# Hull fishing numbers



## Linnea LL590 (Jan 23, 2010)

Hi guys can anyone tell me the fishing numbers of the following smacks

Brill Entry 14/1877 in the Hull registers ON 75364 
Ulysses Entry 18/1879 in the Hull registers ON 79471
Hilda Entry 65/1878 in the Hull registers ON 79440
Liberator Entry 64/1874 in the Hull registers ON 68728 
Albert Entry 32/1876 in the Hull registers ON 75327
Discovery Entry 44/1879 in the Hull registers ON 79487
Striver Entry 87/1872 in the Hull registers ON 68651
Titania Entry 01/1884 in the Hull registers ON 88154
Orlando Entry 44/1882 in the Hull registers ON 82540
Iolanthe Entry 45/1883 in the Hull registers ON 88150

Many thanks


----------



## aavh (Apr 6, 2006)

If you go here http://www.crewlist.org.uk/data/vesselsnum.php enter the ON it will open up the MNL with her info for that year.
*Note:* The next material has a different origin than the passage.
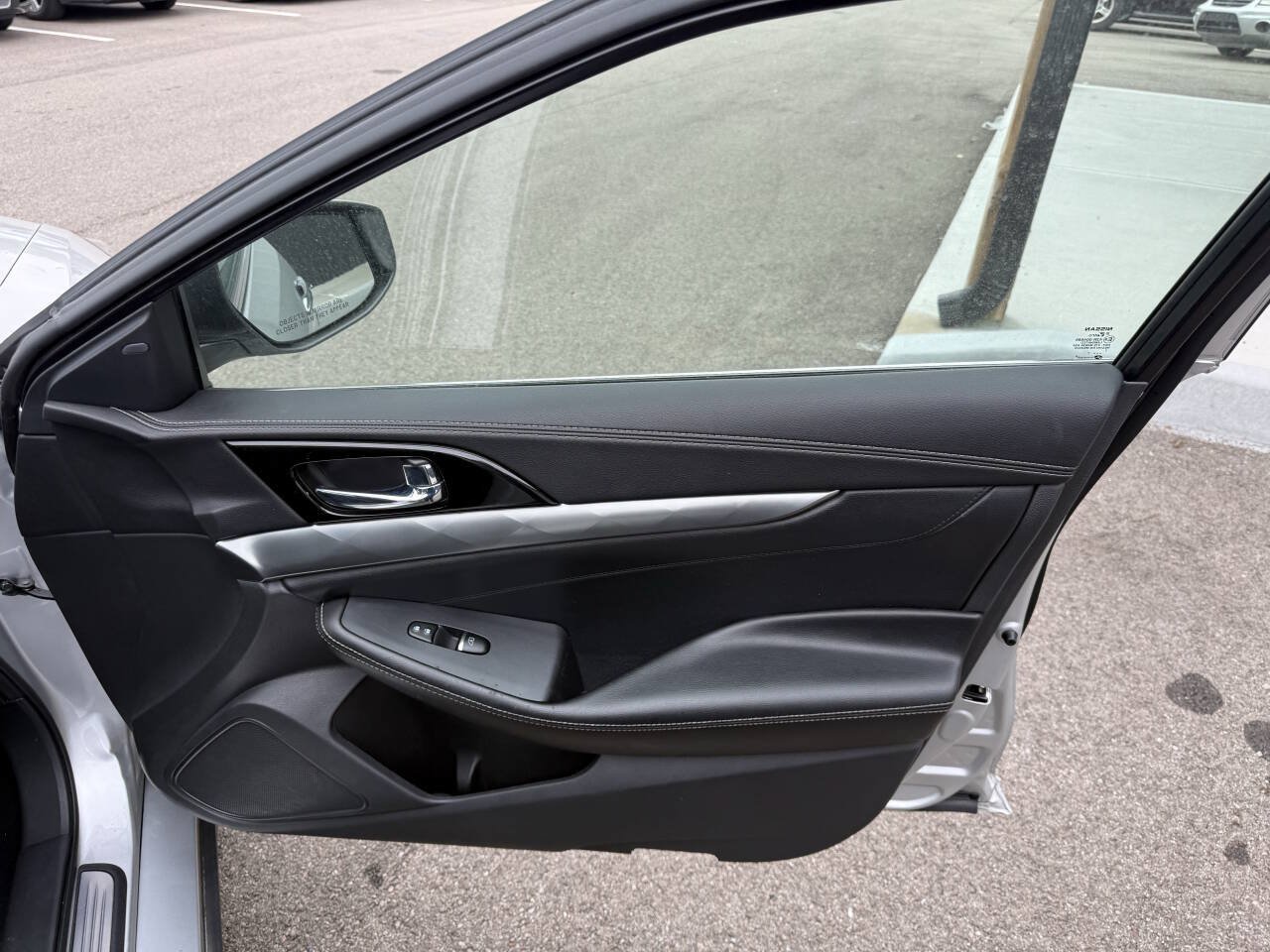 Used 2021 Nissan Maxima 3.5 SV w/ Floor Mat Group FWD image 32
You can change the year at the top of the MNL page and press search


----------



## Linnea LL590 (Jan 23, 2010)

Thanks for the help aavh ,it was the fishing number I was looking for eg H123 .. but the link is of great help anyway Thanks!!


----------



## Linnea LL590 (Jan 23, 2010)

Hi These are the owners of the vessels ................................................ Brill Entry 14/1877 in the Hull registers ON 75364 owned by Samuel Haldene
Ulysses Entry 18/1879 in the Hull registers ON 79471 owned by George Rowntree
Hilda Entry 65/1878 in the Hull registers ON 79440 owned by James Bell
Liberator Entry 64/1874 in the Hull registers ON 68728 owned by William McCann
Albert Entry 32/1876 in the Hull registers ON 75327 owned by John Hill
Discovery Entry 44/1879 in the Hull registers ON 79487 owned by William J Robins
Striver Entry 87/1872 in the Hull registers ON 68651 owned by William Lengfield
Titania Entry 01/1884 in the Hull registers ON 88154 owned by Hellyers
Orlando Entry 44/1882 in the Hull registers ON 82540 owned by Hellyers
Iolanthe Entry 45/1883 in the Hull registers ON 88150 owned by Hellyers


----------



## cueball44 (Feb 15, 2010)

Brill H1058 - Ulysses H1214 - Liberator H902 - Albert H1005 - Iolanthe H1370 - Titania H1373 - Striver H786 - Orlando H1346 - Discovery H1232 - Hilda H1180.


----------



## Linnea LL590 (Jan 23, 2010)

That is amazing Cueball ..Thank you very much indeed !!!! I cannot thank you enough!!!


----------



## cueball44 (Feb 15, 2010)

Linnea LL590 said:


> That is amazing Cueball ..Thank you very much indeed !!!! I cannot thank you enough!!!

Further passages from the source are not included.